Filter the listing below, keeping only the lines with the word "Rhinestone".
Start of Material for this exercise
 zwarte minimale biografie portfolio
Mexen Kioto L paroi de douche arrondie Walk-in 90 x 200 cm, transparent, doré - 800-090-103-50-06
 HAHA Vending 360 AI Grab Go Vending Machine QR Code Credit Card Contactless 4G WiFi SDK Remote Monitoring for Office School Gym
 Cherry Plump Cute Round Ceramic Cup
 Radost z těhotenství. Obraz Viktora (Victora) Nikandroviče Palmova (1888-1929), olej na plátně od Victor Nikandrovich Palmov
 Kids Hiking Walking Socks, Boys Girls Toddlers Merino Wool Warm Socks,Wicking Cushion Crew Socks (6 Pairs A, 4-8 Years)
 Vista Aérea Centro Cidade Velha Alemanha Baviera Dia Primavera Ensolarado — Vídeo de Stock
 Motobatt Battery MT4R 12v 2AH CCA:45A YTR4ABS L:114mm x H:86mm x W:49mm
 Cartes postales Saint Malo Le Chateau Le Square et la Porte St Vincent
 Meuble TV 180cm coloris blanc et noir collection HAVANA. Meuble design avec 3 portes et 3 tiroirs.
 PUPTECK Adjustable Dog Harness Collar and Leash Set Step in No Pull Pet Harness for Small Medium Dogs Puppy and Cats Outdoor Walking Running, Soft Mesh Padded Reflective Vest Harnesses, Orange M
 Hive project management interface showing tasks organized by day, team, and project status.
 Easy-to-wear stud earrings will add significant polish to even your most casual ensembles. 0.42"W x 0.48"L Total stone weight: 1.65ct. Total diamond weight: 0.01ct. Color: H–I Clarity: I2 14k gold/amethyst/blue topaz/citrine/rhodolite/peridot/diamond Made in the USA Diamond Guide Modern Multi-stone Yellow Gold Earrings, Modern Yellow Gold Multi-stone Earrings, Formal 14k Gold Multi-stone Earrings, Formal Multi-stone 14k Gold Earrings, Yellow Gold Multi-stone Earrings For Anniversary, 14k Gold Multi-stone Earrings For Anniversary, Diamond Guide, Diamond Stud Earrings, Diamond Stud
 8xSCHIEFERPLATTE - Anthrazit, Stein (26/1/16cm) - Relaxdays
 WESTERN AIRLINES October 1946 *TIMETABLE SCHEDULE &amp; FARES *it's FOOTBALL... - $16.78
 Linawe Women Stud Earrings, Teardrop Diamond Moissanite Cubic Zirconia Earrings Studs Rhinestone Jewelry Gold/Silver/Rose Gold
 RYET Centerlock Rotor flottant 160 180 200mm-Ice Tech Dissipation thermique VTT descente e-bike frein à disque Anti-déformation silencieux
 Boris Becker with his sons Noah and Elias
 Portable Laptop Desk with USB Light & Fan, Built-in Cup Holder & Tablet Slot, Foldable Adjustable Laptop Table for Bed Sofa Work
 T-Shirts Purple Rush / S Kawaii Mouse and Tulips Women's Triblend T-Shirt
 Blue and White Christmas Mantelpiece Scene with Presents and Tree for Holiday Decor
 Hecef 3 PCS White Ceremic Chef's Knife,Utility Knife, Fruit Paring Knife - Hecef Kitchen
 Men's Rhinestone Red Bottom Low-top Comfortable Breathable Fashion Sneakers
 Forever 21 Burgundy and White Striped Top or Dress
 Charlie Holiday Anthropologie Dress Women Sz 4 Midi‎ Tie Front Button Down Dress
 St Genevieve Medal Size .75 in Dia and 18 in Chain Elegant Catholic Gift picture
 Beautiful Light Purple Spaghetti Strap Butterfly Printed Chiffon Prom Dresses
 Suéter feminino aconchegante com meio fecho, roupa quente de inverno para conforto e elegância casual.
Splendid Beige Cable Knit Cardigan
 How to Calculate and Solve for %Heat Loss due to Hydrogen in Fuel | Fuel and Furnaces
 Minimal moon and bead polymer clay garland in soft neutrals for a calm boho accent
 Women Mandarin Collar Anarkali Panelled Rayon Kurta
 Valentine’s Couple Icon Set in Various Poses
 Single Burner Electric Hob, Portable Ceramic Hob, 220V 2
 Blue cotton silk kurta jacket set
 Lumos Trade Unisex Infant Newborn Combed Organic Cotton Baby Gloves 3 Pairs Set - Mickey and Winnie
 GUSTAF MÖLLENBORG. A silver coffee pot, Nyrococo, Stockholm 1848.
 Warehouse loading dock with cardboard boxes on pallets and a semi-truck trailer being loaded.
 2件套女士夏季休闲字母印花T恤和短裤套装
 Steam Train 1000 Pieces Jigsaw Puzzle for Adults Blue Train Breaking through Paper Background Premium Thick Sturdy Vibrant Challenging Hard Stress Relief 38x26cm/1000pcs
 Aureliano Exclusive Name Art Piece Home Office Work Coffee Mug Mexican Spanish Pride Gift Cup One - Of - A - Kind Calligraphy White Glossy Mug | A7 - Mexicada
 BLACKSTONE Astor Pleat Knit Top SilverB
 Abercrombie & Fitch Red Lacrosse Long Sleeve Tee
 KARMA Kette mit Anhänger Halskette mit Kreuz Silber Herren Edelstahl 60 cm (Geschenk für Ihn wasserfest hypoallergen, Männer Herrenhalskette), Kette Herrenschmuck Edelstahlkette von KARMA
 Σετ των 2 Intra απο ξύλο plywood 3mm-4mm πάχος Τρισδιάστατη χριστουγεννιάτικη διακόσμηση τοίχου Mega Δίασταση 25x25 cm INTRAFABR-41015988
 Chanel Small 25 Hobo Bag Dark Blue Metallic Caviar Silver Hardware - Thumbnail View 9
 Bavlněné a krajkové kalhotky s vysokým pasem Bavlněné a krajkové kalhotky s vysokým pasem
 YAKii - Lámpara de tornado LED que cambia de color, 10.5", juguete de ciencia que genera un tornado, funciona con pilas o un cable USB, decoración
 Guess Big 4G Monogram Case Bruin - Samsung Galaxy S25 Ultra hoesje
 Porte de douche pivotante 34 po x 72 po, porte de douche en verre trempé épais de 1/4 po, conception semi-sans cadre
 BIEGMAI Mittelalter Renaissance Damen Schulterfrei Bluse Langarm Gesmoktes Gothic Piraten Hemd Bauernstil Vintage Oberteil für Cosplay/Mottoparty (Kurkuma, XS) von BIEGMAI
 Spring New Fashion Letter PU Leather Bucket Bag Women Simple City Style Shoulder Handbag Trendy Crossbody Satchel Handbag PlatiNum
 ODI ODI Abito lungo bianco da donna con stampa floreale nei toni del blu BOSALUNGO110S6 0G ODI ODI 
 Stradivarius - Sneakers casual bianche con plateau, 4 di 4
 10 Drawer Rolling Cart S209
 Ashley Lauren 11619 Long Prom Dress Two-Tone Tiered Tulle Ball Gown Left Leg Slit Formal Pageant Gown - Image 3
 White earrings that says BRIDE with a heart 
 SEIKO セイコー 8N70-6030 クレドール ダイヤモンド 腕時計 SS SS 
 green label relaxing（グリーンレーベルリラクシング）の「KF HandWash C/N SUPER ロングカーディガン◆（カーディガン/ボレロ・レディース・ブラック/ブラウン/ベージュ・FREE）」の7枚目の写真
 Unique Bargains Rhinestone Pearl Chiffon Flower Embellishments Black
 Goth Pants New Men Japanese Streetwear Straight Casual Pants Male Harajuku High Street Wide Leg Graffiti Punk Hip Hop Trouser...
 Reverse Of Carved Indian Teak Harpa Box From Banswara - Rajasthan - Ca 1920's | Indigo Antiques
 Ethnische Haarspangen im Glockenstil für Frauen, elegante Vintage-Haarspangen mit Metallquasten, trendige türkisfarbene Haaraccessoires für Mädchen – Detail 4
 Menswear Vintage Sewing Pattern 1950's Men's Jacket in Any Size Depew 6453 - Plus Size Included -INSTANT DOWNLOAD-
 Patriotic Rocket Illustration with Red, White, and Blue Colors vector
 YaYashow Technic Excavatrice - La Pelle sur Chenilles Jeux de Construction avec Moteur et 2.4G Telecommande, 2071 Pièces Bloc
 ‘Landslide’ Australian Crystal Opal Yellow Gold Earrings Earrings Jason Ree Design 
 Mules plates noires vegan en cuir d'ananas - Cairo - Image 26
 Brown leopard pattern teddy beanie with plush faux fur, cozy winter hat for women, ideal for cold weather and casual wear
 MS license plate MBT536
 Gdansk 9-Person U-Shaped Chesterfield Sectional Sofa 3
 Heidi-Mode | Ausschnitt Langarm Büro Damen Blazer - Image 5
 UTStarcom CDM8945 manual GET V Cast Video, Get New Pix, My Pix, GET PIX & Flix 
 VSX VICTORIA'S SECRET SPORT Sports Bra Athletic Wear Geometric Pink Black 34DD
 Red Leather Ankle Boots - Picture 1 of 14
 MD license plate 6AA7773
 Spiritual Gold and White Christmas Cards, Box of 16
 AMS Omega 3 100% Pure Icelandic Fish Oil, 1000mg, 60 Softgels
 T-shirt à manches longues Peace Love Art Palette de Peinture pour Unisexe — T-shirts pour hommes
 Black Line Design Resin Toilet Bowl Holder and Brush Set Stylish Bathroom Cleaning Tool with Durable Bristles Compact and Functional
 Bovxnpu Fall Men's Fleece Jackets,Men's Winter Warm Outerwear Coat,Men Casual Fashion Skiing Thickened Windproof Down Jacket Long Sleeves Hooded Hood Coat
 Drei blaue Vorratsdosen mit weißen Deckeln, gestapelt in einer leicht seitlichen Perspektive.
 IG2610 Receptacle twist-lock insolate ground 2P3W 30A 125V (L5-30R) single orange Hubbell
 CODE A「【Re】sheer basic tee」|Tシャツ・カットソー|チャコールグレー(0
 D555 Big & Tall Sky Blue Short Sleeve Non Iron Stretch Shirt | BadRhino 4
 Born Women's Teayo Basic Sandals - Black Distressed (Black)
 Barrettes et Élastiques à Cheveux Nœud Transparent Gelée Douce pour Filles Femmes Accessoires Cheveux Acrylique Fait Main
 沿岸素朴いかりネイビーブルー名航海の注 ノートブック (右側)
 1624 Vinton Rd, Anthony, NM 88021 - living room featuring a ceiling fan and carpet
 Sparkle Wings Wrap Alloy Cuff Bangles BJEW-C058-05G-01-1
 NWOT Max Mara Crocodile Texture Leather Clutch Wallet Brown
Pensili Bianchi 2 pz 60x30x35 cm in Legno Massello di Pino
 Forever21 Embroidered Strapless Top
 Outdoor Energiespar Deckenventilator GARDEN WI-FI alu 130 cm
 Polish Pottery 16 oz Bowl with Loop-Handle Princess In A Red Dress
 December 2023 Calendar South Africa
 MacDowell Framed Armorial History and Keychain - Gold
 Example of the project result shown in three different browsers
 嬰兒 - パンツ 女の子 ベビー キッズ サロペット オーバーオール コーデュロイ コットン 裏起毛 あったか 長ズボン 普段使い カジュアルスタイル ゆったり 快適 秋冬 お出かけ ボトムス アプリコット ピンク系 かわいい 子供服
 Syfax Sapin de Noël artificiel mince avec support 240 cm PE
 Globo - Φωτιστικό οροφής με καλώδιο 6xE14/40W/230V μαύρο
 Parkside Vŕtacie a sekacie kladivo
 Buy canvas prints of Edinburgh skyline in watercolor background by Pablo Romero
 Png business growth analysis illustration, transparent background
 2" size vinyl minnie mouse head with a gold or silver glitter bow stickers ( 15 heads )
End of Material for this exercise
● Answer for this exercise
 Linawe Women Stud Earrings, Teardrop Diamond Moissanite Cubic Zirconia Earrings Studs Rhinestone Jewelry Gold/Silver/Rose Gold
 Men's Rhinestone Red Bottom Low-top Comfortable Breathable Fashion Sneakers
 Unique Bargains Rhinestone Pearl Chiffon Flower Embellishments Black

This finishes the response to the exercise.